И наступает момент — поддается глухая стена незнания. Пробивается в ней брешь за брешью, и рушится она, погребая под собой того, кто так старательно ее выстраивал людям на несчастье, себе на погибель.
По-разному, конечно, это происходит. Кто-то стенку эту по-бараньему лбом бодает, пока либо не пробьет-таки, либо лоб не расшибет. А кто-то, с настойчивостью маньяка и тщательностью профессионала, каждый камешек перещупает, каждый шовчик на прочность попробует, каждого прохожего рентгеном-интуицией просветит. И найдет, в конце концов, кирпичик заветный, гнилой, толкнет его грамотно, а там — посыпалось — поехало!
Через восемь дней, прочесав весь город, переговорив с десятками людей, подняв на ноги всю свою агентуру, выпотрошив десятки комиссионок, ларьков, рыночных рядов и блатхат, нашли и Саня с Витькой свой кирпичик.
Было кирпичику лет сорок-пятьдесят. Сидел он на грязной кровати в своей загаженной квартире. И был он с тяжкого похмелья. А потому ни возраст его точно не определялся, ни дикция особой ясностью не отличалась:
— Да молодой какой-то. Каждый раз говорил: «Мне быстро бабки надо, я торговаться с тобой не буду, но бабки сразу давай!».
— Ты знаешь, что барахло ворованное?
— Ну ты спросил! Может, мне и явку сразу писать?
— Надо будет, напишешь! — не выдержал Витька.
— Ладно, не кипишись, — Петров примирительно похлопал приятеля по спине. А когда их собеседник, изображая обиду, отвернулся, Саня, укоризненно покачав головой, согнутым пальцем постучал Витьке по голове. Получилось так громко, что хозяин квартиры удивленно развернулся обратно к операм. Но увидел лишь две нейтрально-официально-выжидающих физиономии.

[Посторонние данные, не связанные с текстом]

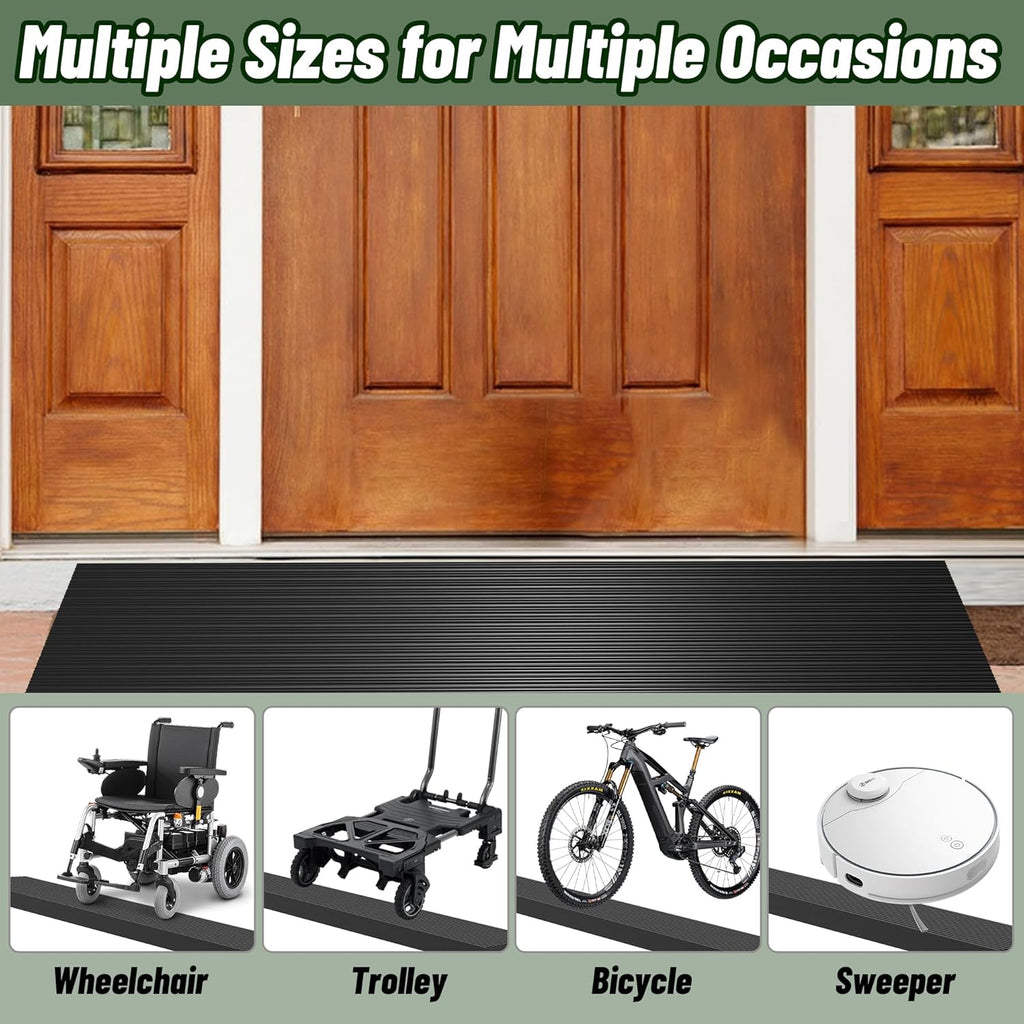 NUVIUM Rubber Threshold Ramp for Doorways, 35.5 in Wide, 2000 lb Capacity

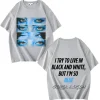 Billie tee yeux bleus t-shirt hommes femmes surdimensionné 100% coton à manches courtes été imprimé unisexe hauts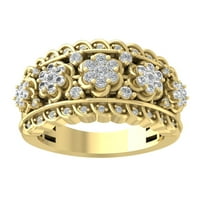 Araiya 10K Жълто злато диамант Половин вечният пръстен, размер 9.5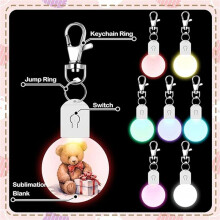 20 Stück LED-Sublimations-Rohling-Schlüsselanhänger, Acryl-Beleuchteter Transfer-Runder DIY-Schlüsselanhänger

— Да я про него особо ничего и не знаю. Говорю же, молодой.
— Когда он в первый раз появился?
— А где-то в декабре, в начале. Но у него уже задел был.
— Какой задел?
— Ну, это… с разных мест барахло было. Не за один раз взятое.
— А ты откуда знаешь?
— Ну, ты свое дело знаешь, а я — свое. Я вижу, что не с одного места, вот и все. Да там бы и дурак догадался. Шубы с запчастями кто хранит?
— Ты у него все забрал?
— Конечно, чего товар упускать.
— Ну ладно, что у тебя осталось, мы видели, а что еще было?
Пока барыга напрягал свою больную голову, мучительно вспоминая и перечисляя Сане, присевшему на стул с блокнотиком, приметы уже проданных им вещей, Витек сходил через дорогу в магазин и притащил бутылку водки.
Увидев пузырь, хозяин резко повеселел, засуетился.
— Вот это хорошо, это — по-человечьи. А то пугать! Чего меня пугать? Я к вам и так с уважением…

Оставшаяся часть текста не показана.